Usage

Command Line Scripts

After installing the vegindex package, two python command line scripts will be installed:

  • generate_roi_timeseries
  • generate_summary_timeseries

The first script generates summary statistics for a Region of Interest (ROI) for each image which passes certain basic selection criteria and writes the results to a CSV file. The second script reads in this file and then calculates either 1-day or 3-day summary statistics for the images in this time period. For each time period a single line in the CSV file is produced.

Setting up the Data Directory

The vegindex package is designed to work with images downloaded from the PhenoCam network server.
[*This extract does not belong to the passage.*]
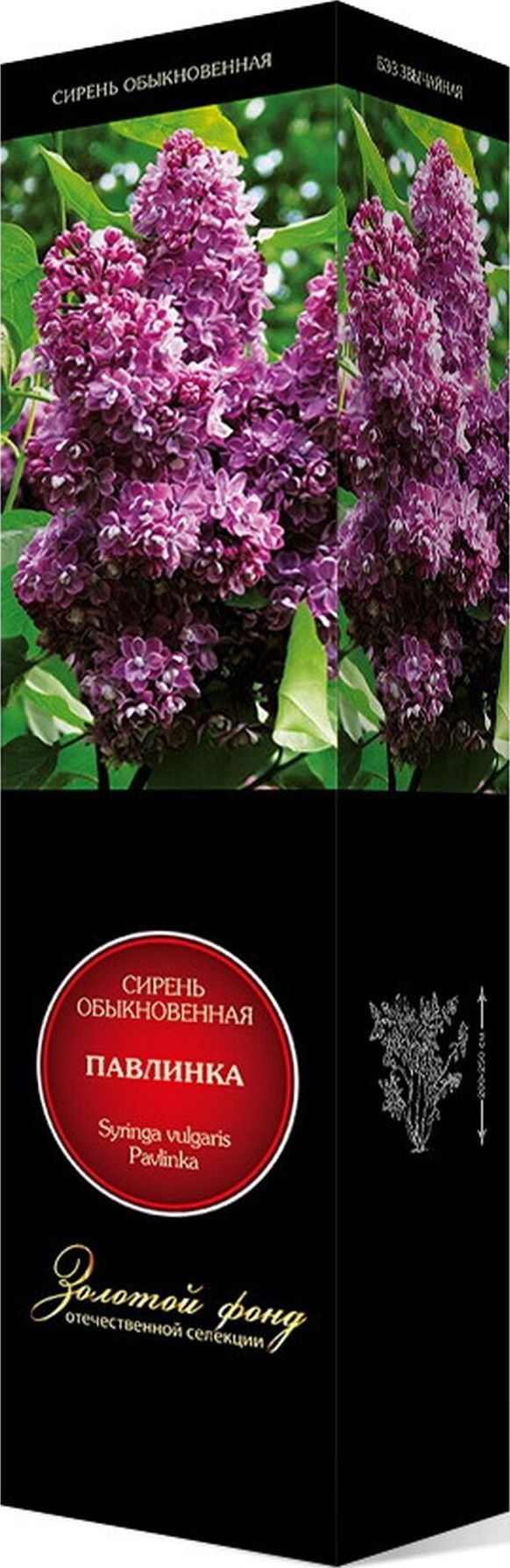 Изображение товара Саженец Сирень обыкновенная Павлинка С1 Н37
To download images you can go to the data tab at the project website.

The images you select come in a zip file with a specific directory structure. For example if we download data from the harvard site.

harvard
├── 2009
│   ├── 01
│   │   ├── harvard_2009_01_01_110135.jpg
│   │   ├── harvard_2009_01_01_113135.jpg
│   │   ├── harvard_2009_01_01_120135.jpg
 .
 .
 .

│   └── 06
│       ├── harvard_2009_06_01_110139.jpg
│       ├── harvard_2009_06_01_113139.jpg
│       ├── harvard_2009_06_01_120139.jpg
│       └── harvard_2009_06_01_123139.jpg
├── harvard_meta.json
└── harvard_meta.txt

where the we have a top level directory for sitename then subdirectories for four-digit year and two-digit month, with the image files in the month directories.

ROI Lists and Masks

Once you’ve selected and downloaded the data you would like to process you will need to set up a region of interest (ROI) using an ROI List file and the associated ROI Mask images.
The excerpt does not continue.